ACTION ITEM: Could you copy exactly the line that contains "Hamoki GN1410TN Double" and every line after it to the end of the records, and nothing more?

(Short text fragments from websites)
╔══

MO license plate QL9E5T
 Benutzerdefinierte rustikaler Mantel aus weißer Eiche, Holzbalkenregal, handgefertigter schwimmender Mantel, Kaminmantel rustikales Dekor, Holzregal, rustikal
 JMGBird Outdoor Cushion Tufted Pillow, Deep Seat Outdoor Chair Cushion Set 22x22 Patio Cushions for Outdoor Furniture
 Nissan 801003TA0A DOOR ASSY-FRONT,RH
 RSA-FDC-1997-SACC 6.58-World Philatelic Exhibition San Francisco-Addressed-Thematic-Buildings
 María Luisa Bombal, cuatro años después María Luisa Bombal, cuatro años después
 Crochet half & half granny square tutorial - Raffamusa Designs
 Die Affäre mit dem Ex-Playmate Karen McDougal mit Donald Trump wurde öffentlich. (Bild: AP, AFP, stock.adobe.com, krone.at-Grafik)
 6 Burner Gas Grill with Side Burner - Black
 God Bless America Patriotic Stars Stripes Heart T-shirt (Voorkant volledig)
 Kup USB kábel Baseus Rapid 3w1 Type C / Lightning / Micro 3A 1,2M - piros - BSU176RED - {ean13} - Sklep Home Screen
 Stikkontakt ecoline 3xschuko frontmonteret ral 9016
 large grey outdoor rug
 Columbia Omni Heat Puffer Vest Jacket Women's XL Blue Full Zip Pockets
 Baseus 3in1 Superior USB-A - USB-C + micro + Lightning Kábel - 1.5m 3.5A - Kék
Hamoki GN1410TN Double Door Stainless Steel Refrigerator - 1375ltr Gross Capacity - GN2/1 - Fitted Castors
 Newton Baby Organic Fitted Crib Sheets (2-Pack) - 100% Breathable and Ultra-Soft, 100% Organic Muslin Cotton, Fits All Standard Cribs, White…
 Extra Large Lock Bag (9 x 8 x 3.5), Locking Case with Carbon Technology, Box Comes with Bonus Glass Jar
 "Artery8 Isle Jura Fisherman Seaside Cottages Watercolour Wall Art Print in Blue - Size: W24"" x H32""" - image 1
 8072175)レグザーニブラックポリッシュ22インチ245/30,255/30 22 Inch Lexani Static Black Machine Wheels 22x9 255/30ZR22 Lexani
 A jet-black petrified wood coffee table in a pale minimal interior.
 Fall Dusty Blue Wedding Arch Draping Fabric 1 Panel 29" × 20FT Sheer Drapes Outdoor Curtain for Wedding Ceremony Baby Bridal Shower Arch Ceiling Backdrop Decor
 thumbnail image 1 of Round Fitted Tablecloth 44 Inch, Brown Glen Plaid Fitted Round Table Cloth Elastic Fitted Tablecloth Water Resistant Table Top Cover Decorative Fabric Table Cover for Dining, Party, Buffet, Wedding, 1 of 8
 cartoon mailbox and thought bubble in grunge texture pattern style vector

╚══

WRITTEN RESPONSE:
Hamoki GN1410TN Double Door Stainless Steel Refrigerator - 1375ltr Gross Capacity - GN2/1 - Fitted Castors
 Newton Baby Organic Fitted Crib Sheets (2-Pack) - 100% Breathable and Ultra-Soft, 100% Organic Muslin Cotton, Fits All Standard Cribs, White…
 Extra Large Lock Bag (9 x 8 x 3.5), Locking Case with Carbon Technology, Box Comes with Bonus Glass Jar
 "Artery8 Isle Jura Fisherman Seaside Cottages Watercolour Wall Art Print in Blue - Size: W24"" x H32""" - image 1
 8072175)レグザーニブラックポリッシュ22インチ245/30,255/30 22 Inch Lexani Static Black Machine Wheels 22x9 255/30ZR22 Lexani
 A jet-black petrified wood coffee table in a pale minimal interior.
 Fall Dusty Blue Wedding Arch Draping Fabric 1 Panel 29" × 20FT Sheer Drapes Outdoor Curtain for Wedding Ceremony Baby Bridal Shower Arch Ceiling Backdrop Decor
 thumbnail image 1 of Round Fitted Tablecloth 44 Inch, Brown Glen Plaid Fitted Round Table Cloth Elastic Fitted Tablecloth Water Resistant Table Top Cover Decorative Fabric Table Cover for Dining, Party, Buffet, Wedding, 1 of 8
 cartoon mailbox and thought bubble in grunge texture pattern style vector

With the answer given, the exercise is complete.